Purchase Invoice Finance
Purchase Invoice Finance:
Purchase invoice financing is a method of business finance that allows small and medium business owners to fill new purchase orders through early payment of approved invoices.
Most small and medium businesses in India operate on very tight cash-flow margins. Sometimes, the existing cash at hand or bank is simply not enough for covering a business’s operating needs. If new orders are received during this period, the business owner may fail to service them as the business simply cannot afford the cost of production and supply. Turning down a client not only means loss of revenue but also implies a loss of goodwill in the market. Hence, having a source of business finance is imperative for every SME working with commercial clients.
Here LivFin’s invoice finance services comes into play to help out a business owner in the need of immediate cash.
How does purchase invoice financing work?
Once a small business fulfils its obligations under the contract to supply goods or services and collects the invoice, a purchase invoice financing company steps in. Depending upon the credibility of both parties, the purchase invoice financing company can fund up to 100 per cent of the invoice value to the supplier of the goods or services. The purchase invoice financing company will also charge a small fee which is deducted from the amount disbursed to the invoice holder.
The purchase invoice now becomes the responsibility of the purchase invoice financing company, to be collected on or before the due date.

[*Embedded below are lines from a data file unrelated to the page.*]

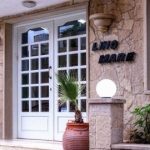 Lino Mare Boutique - 3 csillagos sz&aacute;ll&aacute;s - G&ouml;r&ouml;gorsz&aacute;g, Kr&eacute;ta - Reggeli
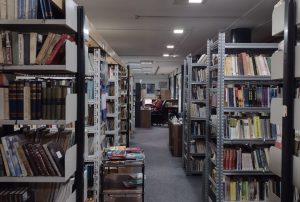 Vidimo se u biblioteci, septembar mesec besplatne godišnje članarine za učenike: Tradicionalna akcija kragujevačke Narodne biblioteke 10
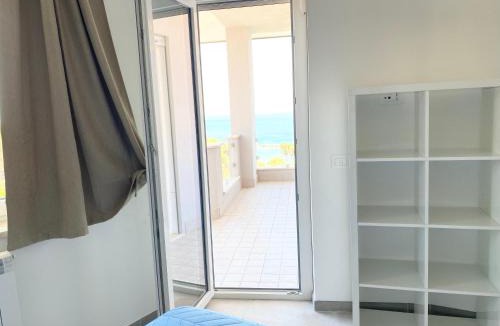 Localita Piana di Vadi Villa | Stunning sea view villa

How purchase invoice financing can be advantageous for your business
As opposed to bank financing, it is very easy to qualify and get approval for purchase invoice financing. Purchase invoice financing is mostly based on the credibility of your customer and hence does not impose stringent credibility terms on your enterprise. Hence, you can get a business loan without stellar credit rating through this method of commercial financing. The only caveat here is that purchase order financing is done for commercial customers instead of individual buyers.
Purchase invoice financing with LivFin allows you and your customers or suppliers to grow independent of each other.
Here is how it works,
- Both parties, the supplier/s and the commercial buyer, approach LivFin for purchase invoice financing.

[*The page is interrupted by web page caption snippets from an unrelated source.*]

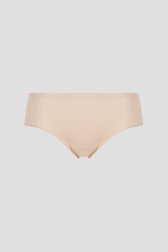 Productfoto 1 van Naadloze beige hipster onderbroek door Chantelle voor Dames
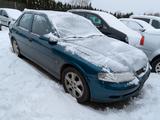 Opel Vectra 1.6 16V Comfort - Opel Vectra: 16v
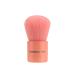 Bdellium Tools Professional Makeup Brush - Pink Bambu Series 995 Kabuki - With Soft Synthetic Fibers For Full Coverage Application (Pink 1pc)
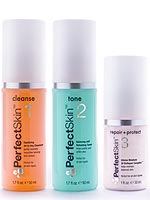 Discount on Skin Care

- Once the agreement is in place, the commercial buyer shares the invoices approved for payment with LivFin.
- The supplier/s pick and choose the invoices for early payment.
- LivFin advances the payment for invoices to the supplier/s as a business loan, charging a fee.
- The commercial buyer pays the invoices on the due date, hence settling the debt.
Therefore, purchase invoice financing allows both parties to manage their working capital and streamline the cash inflow and outflow.